Pick of the Brown Bag
October 26, 2016
The Pick of the Brown Bag this week opens with reviews of Batgirl, Blue Beetle, Deathstroke, Evil Dead 2: Revenge of Jack the Ripper, The Flash, Future Quest, The Titans and Scooby-Doo Team-Up, but first Wonder Woman.
I’ve been perusing the Rebirth Wonder Woman off-and-on. I read and reviewed the setup which suggested that a lot of Wonder Woman’s memories, in other words, her continuity, are false, but I haven’t really been able to get a good grasp on Greg Rucka’s latest slant on Wonder Woman. For those unaware, Greg Rucka produced a critically acclaimed run of Wonder Woman, for which your reviewer had a fondness.
So I have no issue with this writer and respect his knowledge of Wonder Woman. His latest take however has been overall chatty, unfocused and confusing. Though not so much that I felt the need to warn people about the book. Believe me. I’ve read far worse Wonder Woman.
This issue is pretty solid. It’s so solid that I think anybody with just a passing interest in the cast can probably comprehend what’s going on, at least in the lion’s share. There are some hiccups that might be a source of head-scratching.

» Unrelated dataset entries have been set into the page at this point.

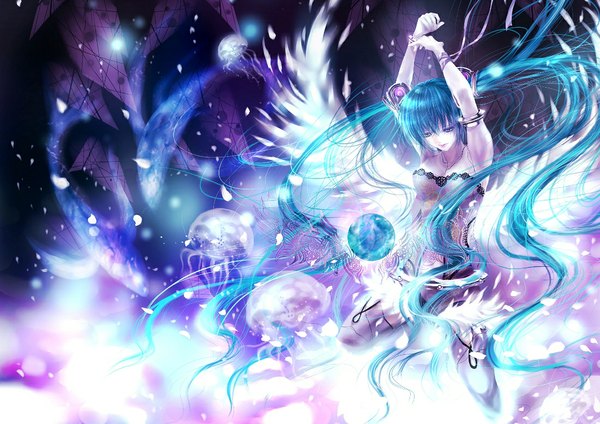 Anime picture 1100x779 with vocaloid hatsune miku suu (knzksu) single long hair twintails green eyes cleavage green hair arms up girl petals wings jellyfish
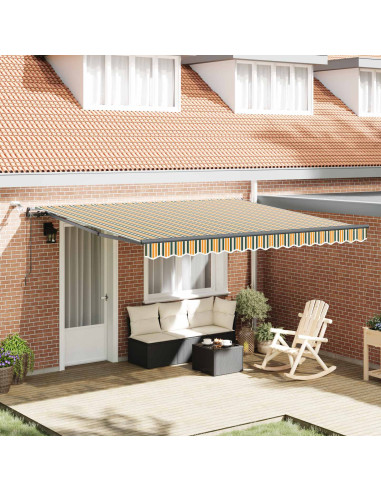 Tessuto per Tenda con Verde e giallo 400 × 350 cm Poliestere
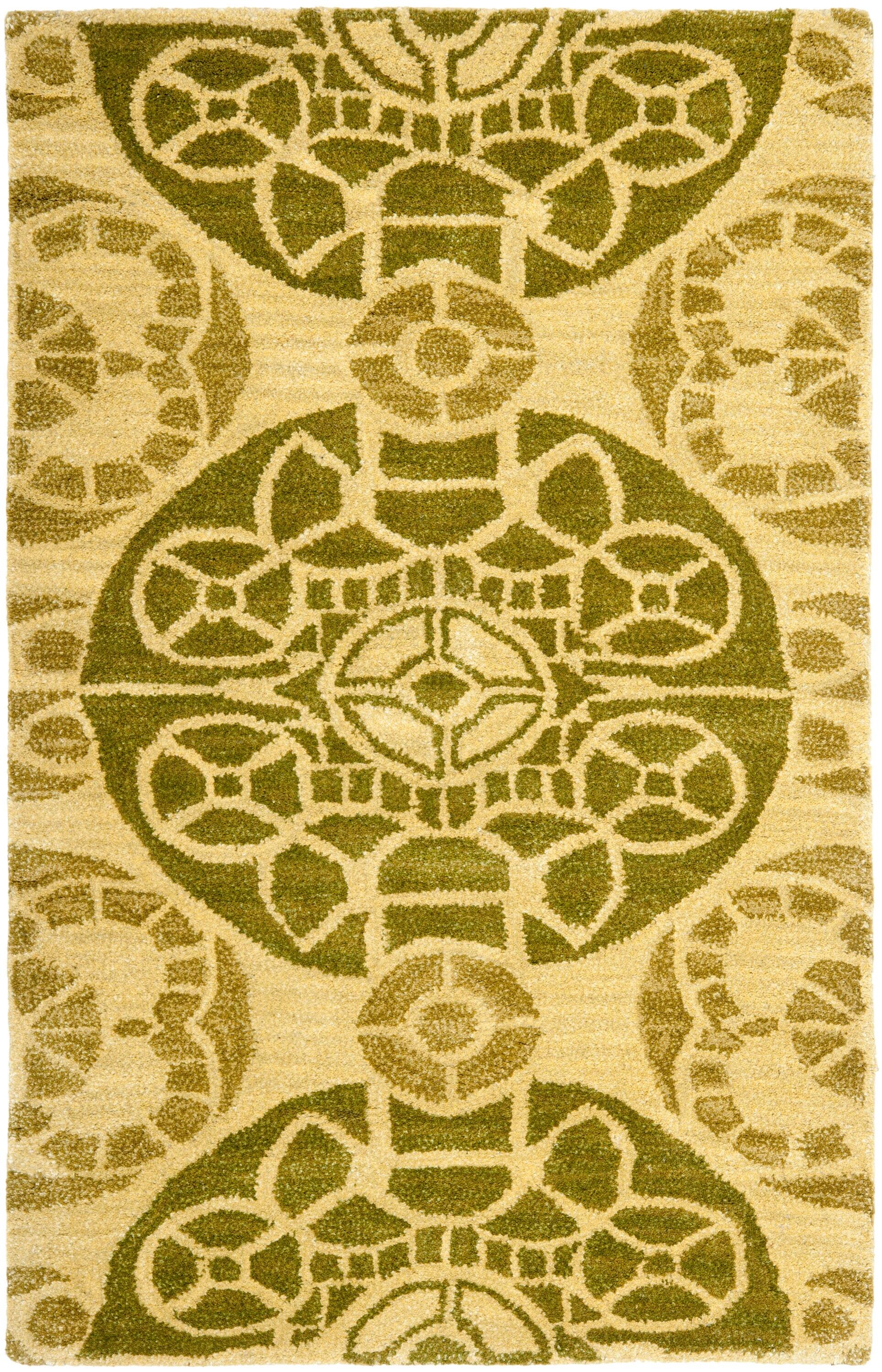 Wyndham WYD376 Hand Tufted Indoor Accent Rug - Honey/Green - 2'6"x4' - Safavieh.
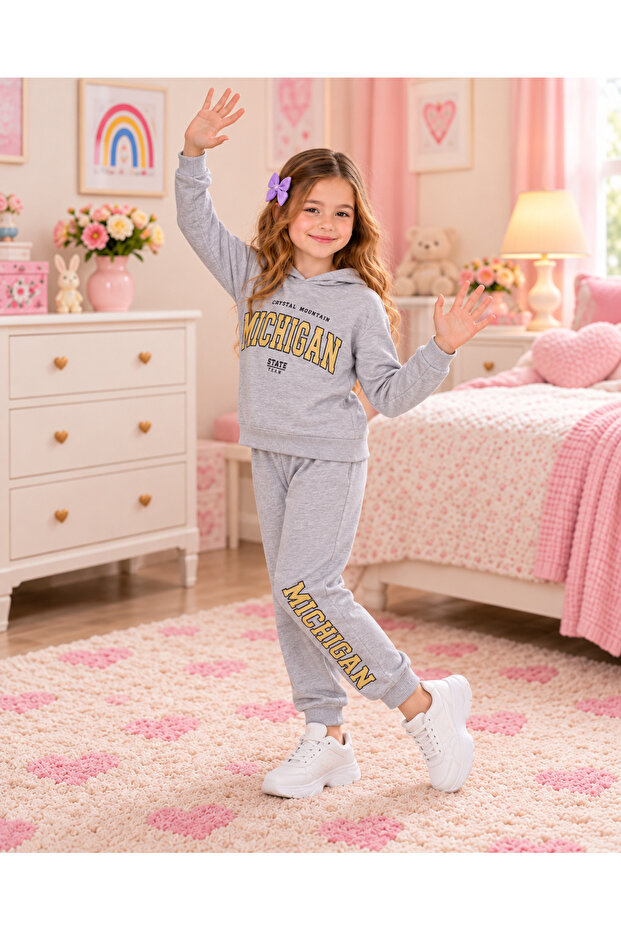 Youthful Hooded Slim Tracksuit Set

The woman in the panels is Sasha Bordeaux, Greg Rucka’s creation for post-Crisis Detective Comics. She was Bruce Wayne’s bodyguard, forced upon him by the Board of Directors of The Wayne Foundation, Enterprises or whatever Bruce’s business happened to be at that time. That early explanation provided some amusement, but Rucka turned Sasha into a haphazard vigilante and love interest. Maybe it was an editorial decision. However, the result was the same. Both roles were just wastes of time.

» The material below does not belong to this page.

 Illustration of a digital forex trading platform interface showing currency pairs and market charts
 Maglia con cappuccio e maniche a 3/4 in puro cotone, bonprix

What’s Sasha doing in Wonder Woman? What’s up with her eye? Haven’t a clue. You can however glean that she’s Steve Trevor’s superior. When you see a blonde guy in military garb in Wonder Woman, there’s a ninety-nine-point-nine percent chance it’s Major Steve Trevor. Unless he looks like this.

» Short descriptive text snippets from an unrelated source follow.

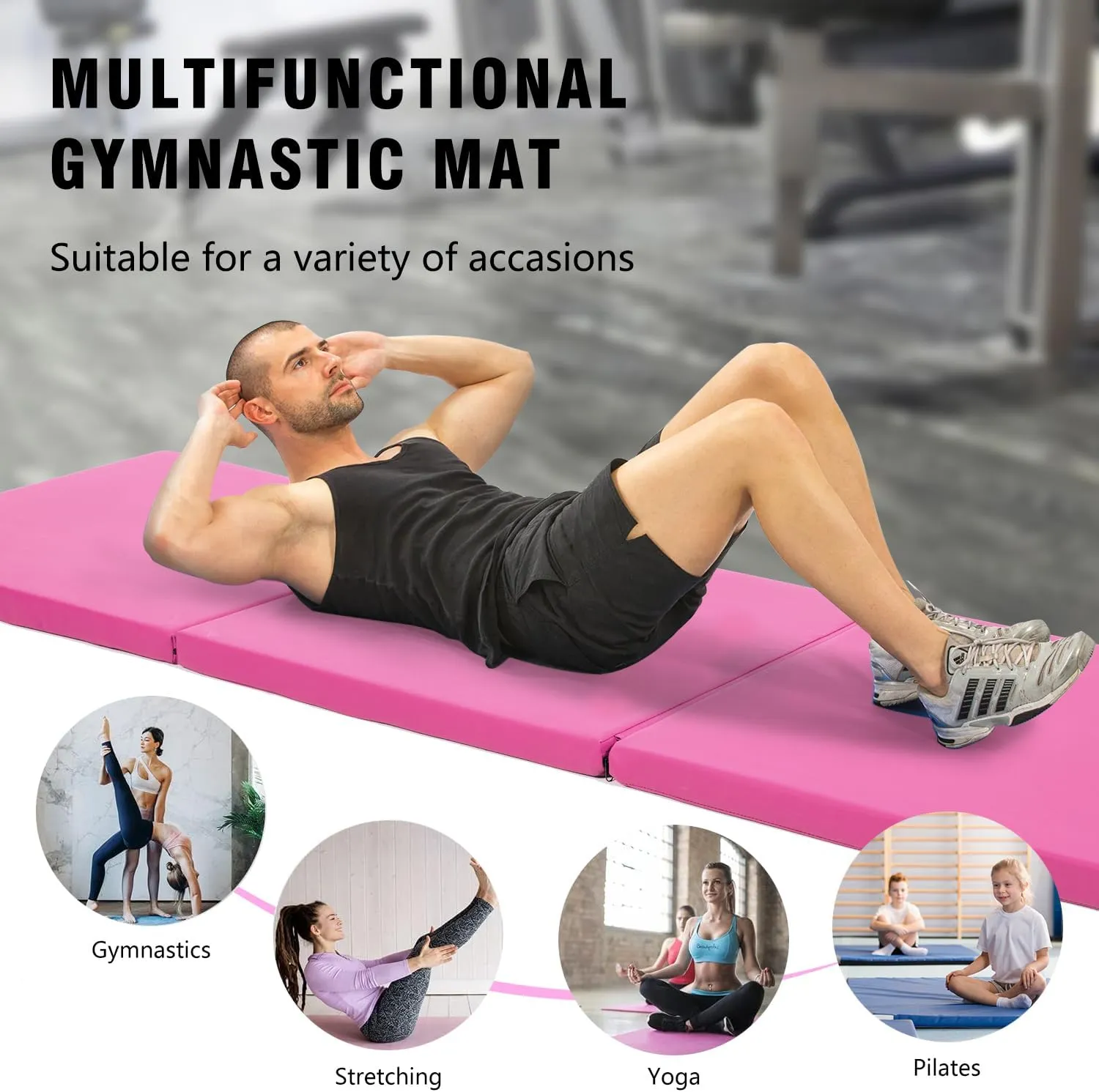 Gymnastics Tumbling Mats Gymnastics Mat Portable Foldable Tumbling Mat Thick PU Leather Exercise Mat Yoga Mat with Carrying Handles for home Workout outdoor Yoga Gymnastics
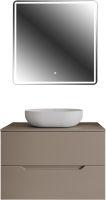 Мебель для ванной комнаты Orange Line 80 подвесная, 2 ящика, матовый латте с раковиной B05-480W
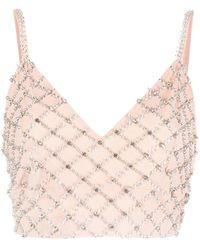 P.A.R.O.S.H. - Crystal Embellished Crop Top - Lyst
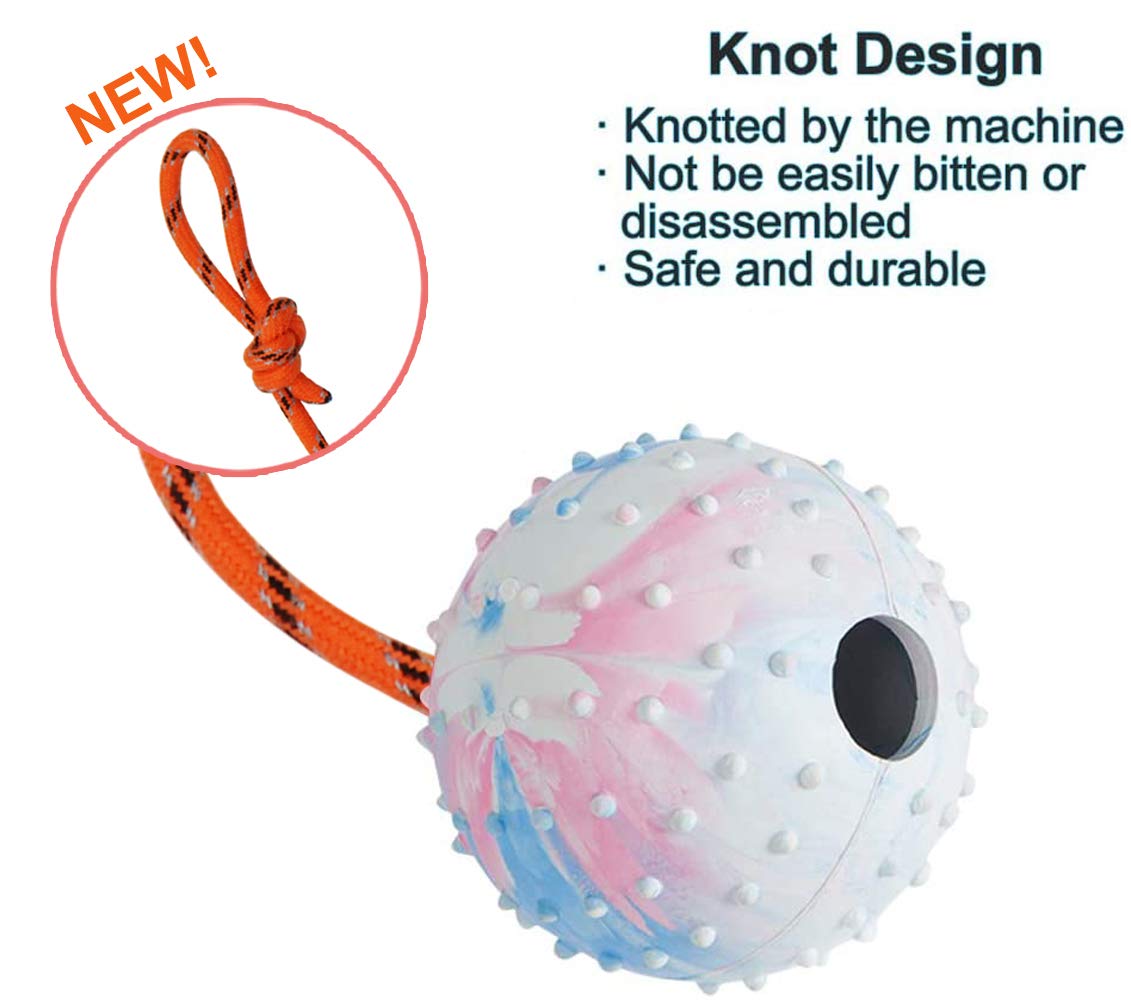 Nevperish reward-training ball with rope enhances distance throws and interactive play.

You can then be 100 percent sure that, yes, it’s Steve. Although the newish players may cause initial problems, don’t worry. The dialogue combined with Liam Sharp’s and Laura Martin’s lush art quickly characterizes. The conversation between Sasha and Steve as well as her expressiveness is pretty funny. Rucka’s not known for his comedic chops, but this bit was successful, and the light touch continues throughout.
The blonde is Barbara Minerva. She’s the third woman to assume the Cheetah identity. Originally, Priscilla Rich, a victim of multiple-personality syndrome, became the Cheetah. Minerva was the third Cheetah. Reimagined by George Perez, Minerva was a killer who used ritual to transform into the feline predator that wanted to eat Wonder Woman’s heart. Probably an allusion to the Leopard Men of the Sierra Leone, a true life cult.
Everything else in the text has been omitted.